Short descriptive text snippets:
┌──

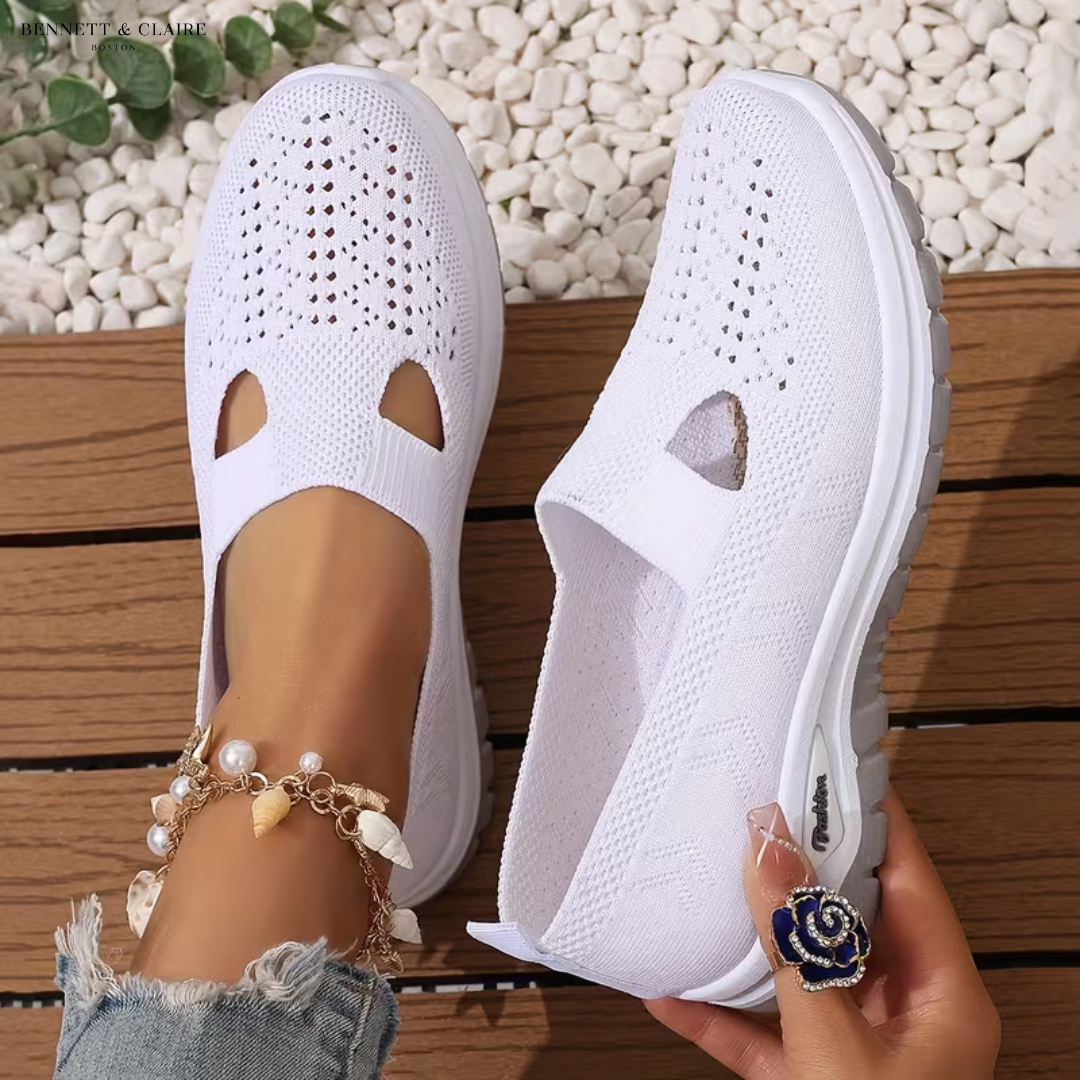 White / 13 US (43 EU)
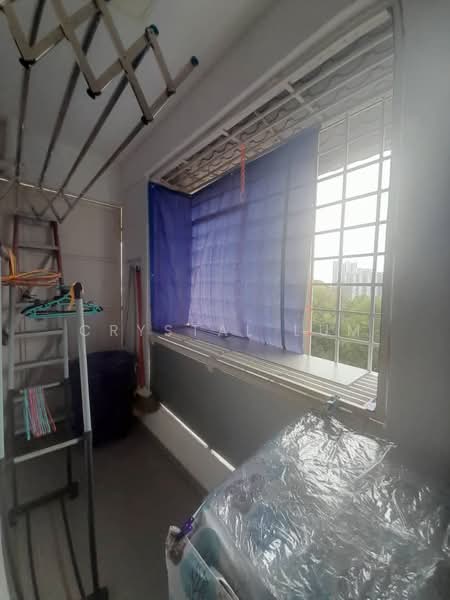 Kondominium untuk Dijual di Kestana - Crystal Lum - Balcony - PropertyGuru.com.my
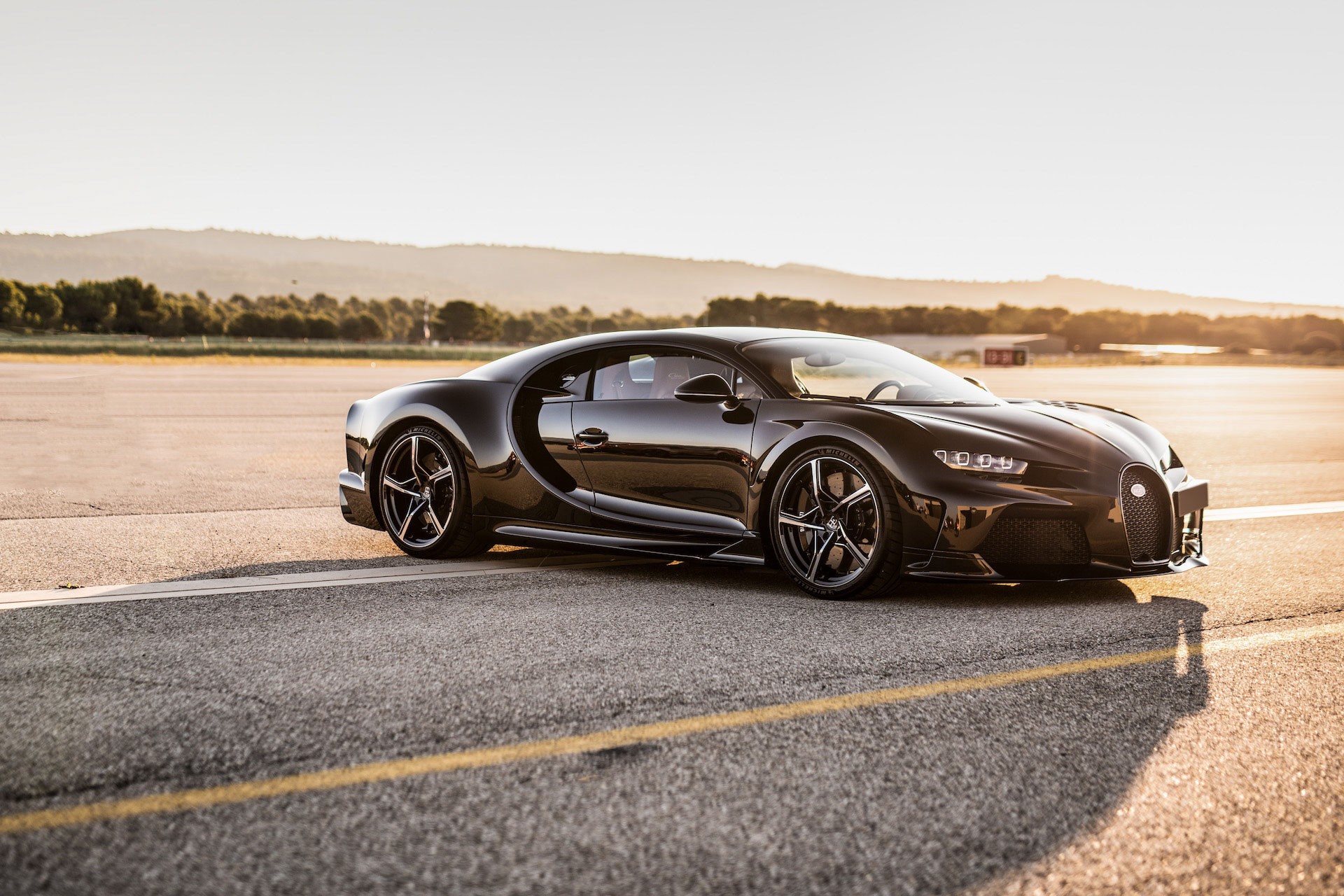 Δες τι χρειάστηκε η Bugatti Chiron SS για να πιάσει τα 439 km/h με ασφάλεια!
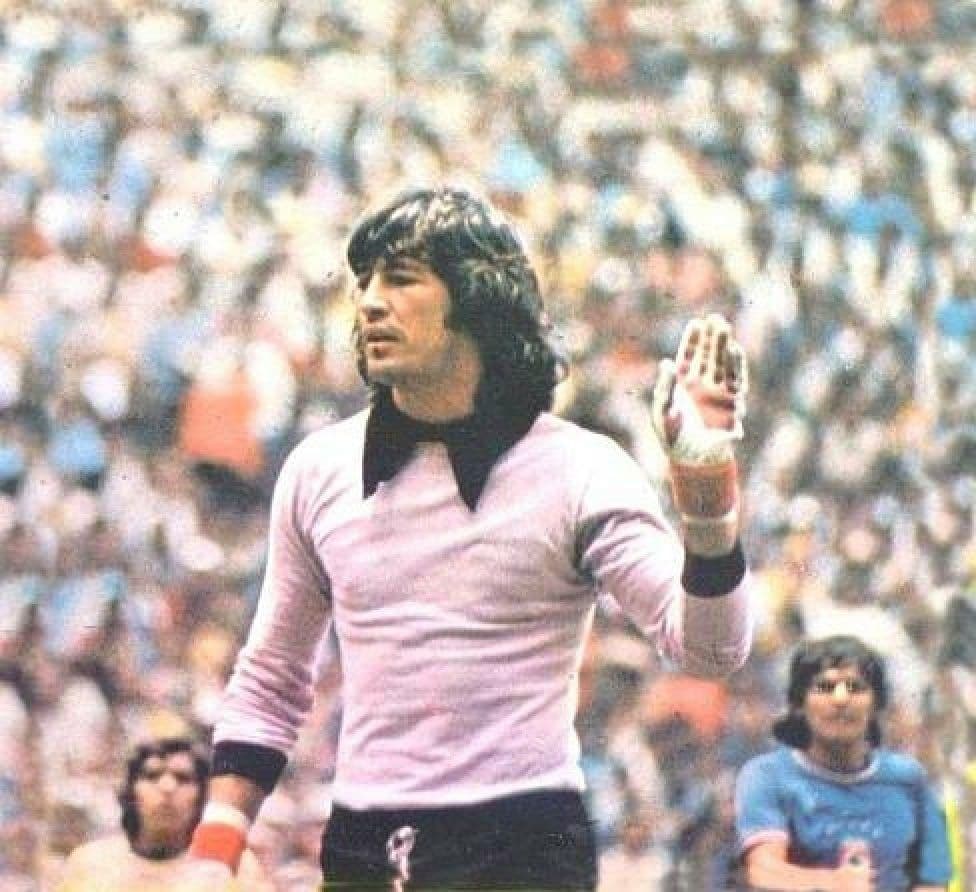 <b>Rafael Puente</b> jugó dos años con Las Águilas y logró salir campeón de Liga y obtuvo un Campeón de Campeones.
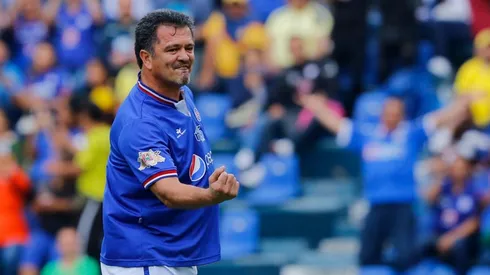 Carlos Hermosillo sigue apoyando a Cruz Azul.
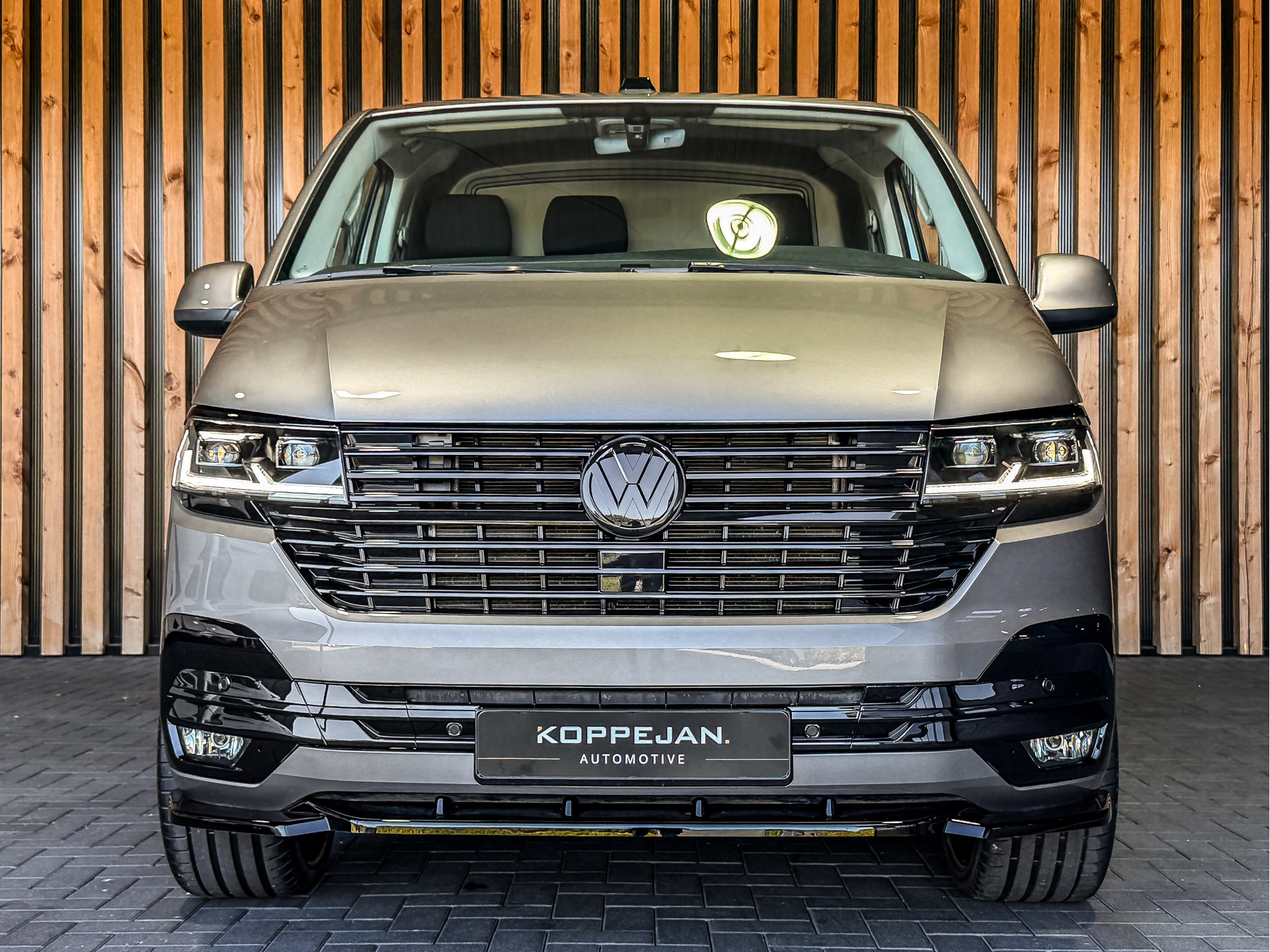 Volkswagen Transporter 2.0 TDI 150PK DSG Bestelwagen L2H1 | Volkswagen occasion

└──

Working from the records above, reproduce exactly the lines from the one with "<b>Rafael Puente</b> jugó" through the last line, without the pictures.

 <b>Rafael Puente</b> jugó dos años con Las Águilas y logró salir campeón de Liga y obtuvo un Campeón de Campeones.
 Carlos Hermosillo sigue apoyando a Cruz Azul.
 Volkswagen Transporter 2.0 TDI 150PK DSG Bestelwagen L2H1 | Volkswagen occasion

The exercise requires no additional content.